La fille perdue du bonheur de Yan Geling

On continue avec les livres qui ne m'ont pas véritablement enchantée mais dont je me dois de vous parler tout de même. Sait-on jamais, peut-être y a-t-il parmi vous des amateurs de littérature chinoise. Peut-être y en a-t-il qui s'intéressent encore plus à la venue de ces prostituées asiatiques débarquées dans la gigantesque American land.

fille


Fusang, celle qui occupe tous les débats dans ce livre est une prostituée de luxe vendue par ses parents puis volée par des proxénètes peu scrupuleux. Bringuebalée comme un objet, elle semble se satisfaire à chaque fois des situations et arbore toujours un sempiternel sourire à ses détrousseurs. Nous sommes à la fin du XIXème siècle et c'est à Chinatown, à San Francisco que l'histoire se poursuit. Car si Canton est le point de départ, c'est l'Amérique qui est le centre du récit.
Trimballée à des enchères pour être vendue, exhibée comme une marchandise puis volée, récupérée et menacée... on s'y perd ! Qui se cache derrière cet imperturbable sourire? Chris, jeune adolescent de 12 ans vient à la fréquenter (j'ai déjà eu du mal à imaginer un jeune puceau tout étourdi par cette grande godiche) et la suit pendant de nombreuses années car cette étrangère à la beauté inégalable reste une énigme. Toujours soumise, jamais difficile et se satisfaisant de ses conditions de vie, on a du mal à la cerner. Pour ponctuer le tout, vient s'ajouter la brute c'est-à-dire Da Yong, brigand de grand chemin qui a son contact va peu à peu s'adoucir.

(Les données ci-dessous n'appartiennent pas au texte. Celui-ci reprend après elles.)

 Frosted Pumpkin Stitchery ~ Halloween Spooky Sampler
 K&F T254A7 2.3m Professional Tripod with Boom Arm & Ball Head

Disons que cette lecture me laisse une impression douce amère. Je l'ai trouvé trop emplie de stéréotypes : les chinois tous avec une natte, les femmes quasiment toutes objets et les Américains en bons porte-feuilles sur pattes. Et j'ai particulièrement détesté Fusang cette héroïne qui, malgré la beauté dont elle rayonne, semble être l'incarnation du "sois belle et tais-toi !".
Au fil de la trame on se dit : il va bien y avoir un moment où elle va ouvrir la bouche et s'exprimer. Il n'en est rien, cette poule de Chinatown reste jusqu'au bout le produit rapporté joliment jaunâtre qui suit tout le monde. Même à l'heure des grands choix, elle reste dans une semi-indécision, comme si seuls les éléments extérieurs pouvaient décider de son destin. On en sort frustré ! Dommage car la couverture me plaisait bien !

La fille perdue du bonheur - Yan Geling (Plon, 2002, 290 p.)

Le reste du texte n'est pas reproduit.